Disney movies are the ultimate example of heroic sacrifices. Tangled, Frozen and a host of others display this. The problem: it's a total cop-out. (Flickr/Scarlett1854)

The “heroic sacrifice” is a trope that I’m sure everyone has seen before. Basically, a hero saves another character from being harmed, and is injured or more likely killed in the process. Sound familiar? This emotionally manipulative trope is often used in family-friendly films to pull on the audience’s heartstrings, and usually the sacrificed characters come back to life even better than they were before.

For instance, in “Tangled,” Flynn Rider is stabbed by Mother Gothel, who tries to take away Rapunzel and leave him to die. Rapunzel promises to stay in lifelong captivity with Mother Gothel if she’s allowed to heal Flynn with her magical hair. However, unwilling to allow Rapunzel to be imprisoned forever because of him, Flynn slices off her hair, turning it from golden blonde to brown, destroying its magic, and performing a heroic sacrifice of his own.

Of course there’s still a happy ending. As Flynn dies, one of Rapunzel's tears, which still contains the sun's power, lands on him and brings him back to life.

In “Frozen,” Elsa accidentally “freezes” her sister Anna’s heart. The only thing that can save Anna is an “act of true love,” naturally. As Anna grows more and more frozen over the course of the film, it becomes clear that she needs to be saved as soon as possible. However, Anna decides to sacrifice a kiss from Kristoff in order to allow herself to freeze to death to block Prince Hans’ attack on Elsa. This ends up being the “act of true love” that saves her. She thaws and is restored to life a few moments after her sister gets the chance to cry in anguish over her death.

In “Pinocchio,” the puppet gives up his own life in order to save his “father” Geppetto from the giant whale Monstro after the man begins to sink into the sea.
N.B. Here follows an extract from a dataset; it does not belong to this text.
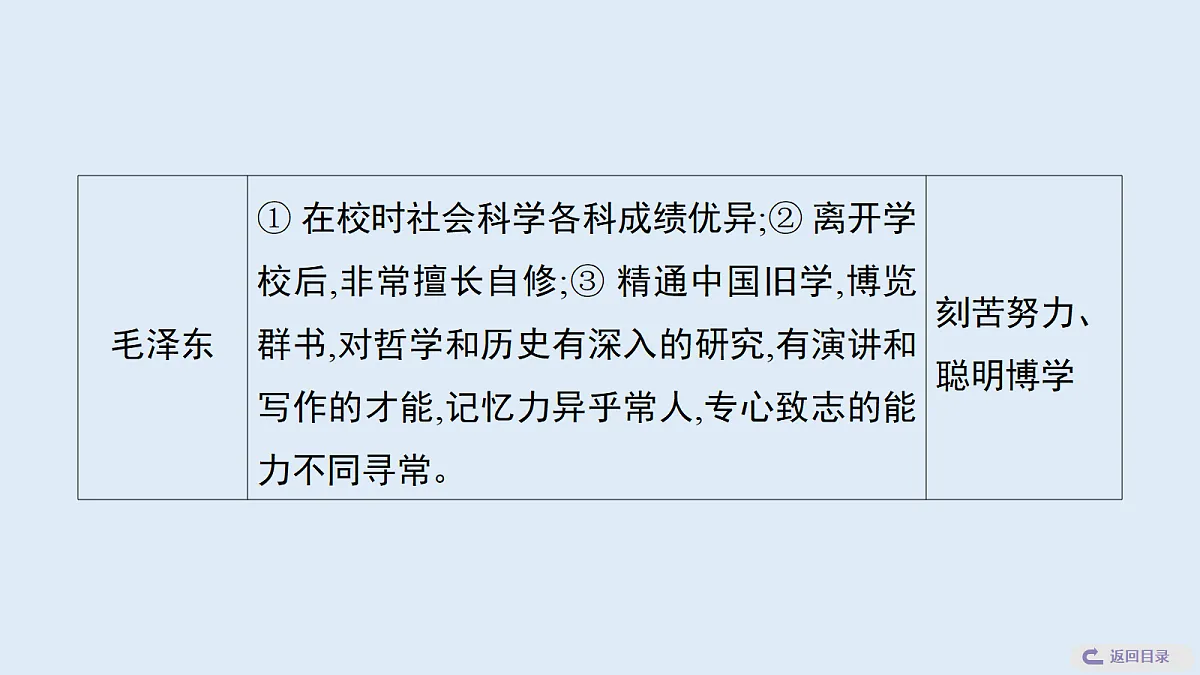 18652008第5页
Pinocchio makes this sacrifice in spite of Geppetto's plea that Pinocchio swim to shore and save himself instead. However, the Blue Fairy, who brought Pinocchio to life in the first place, decides that the puppet’s sacrifice has proven that he’s brave, unselfish and truthful. Because of this, she allows him to be reborn as a real human boy.

The “heroic sacrifice” is probably one of the most irritating tropes to me because I think it’s often used to merely manipulate the audience’s emotions, and it’s usually completely see-through. I find it incredibly frustrating and lazy that family film after family film continues to employ this over-used trope of a character sacrificing their own life for someone they love, which anyone over the age of eight knows will be reversed within five minutes so that the movie can have its storybook happy ending.